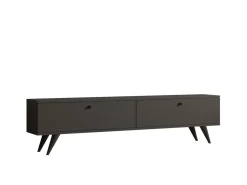 Meuble TV en bois 
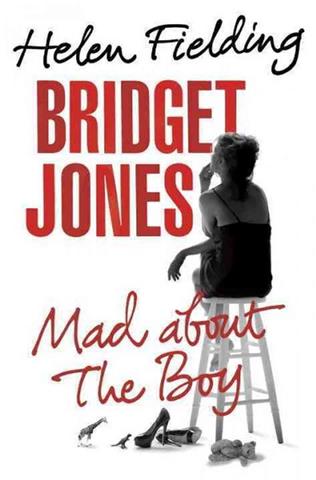 Bridget Jones - Mad About The Boy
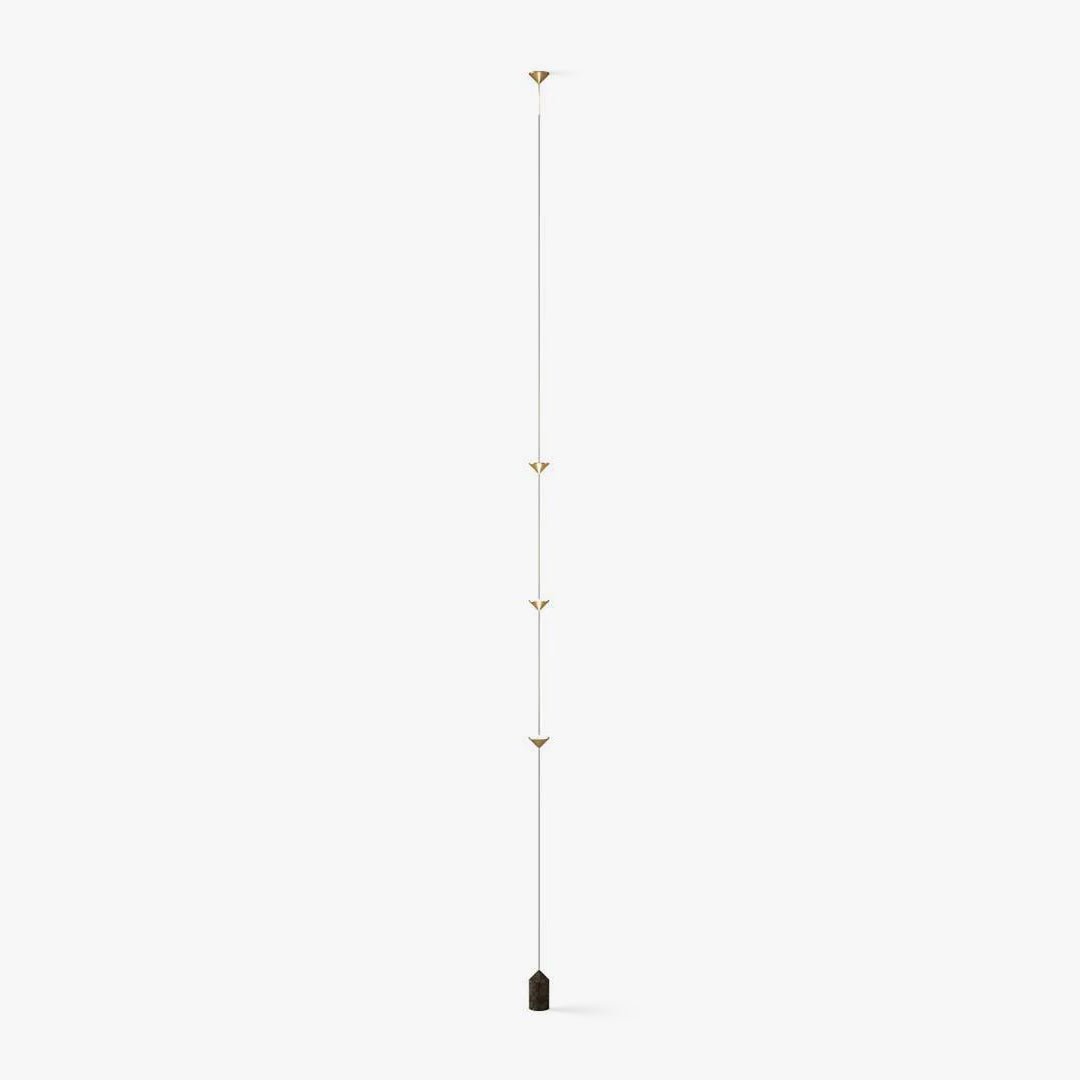 Cassandra Floor Lamp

⁂

THE PROBLEM:
Word for word, repeat all the data, but not its images.

WRITTEN ANSWER:
 Meuble TV en bois 
 Bridget Jones - Mad About The Boy
 Cassandra Floor Lamp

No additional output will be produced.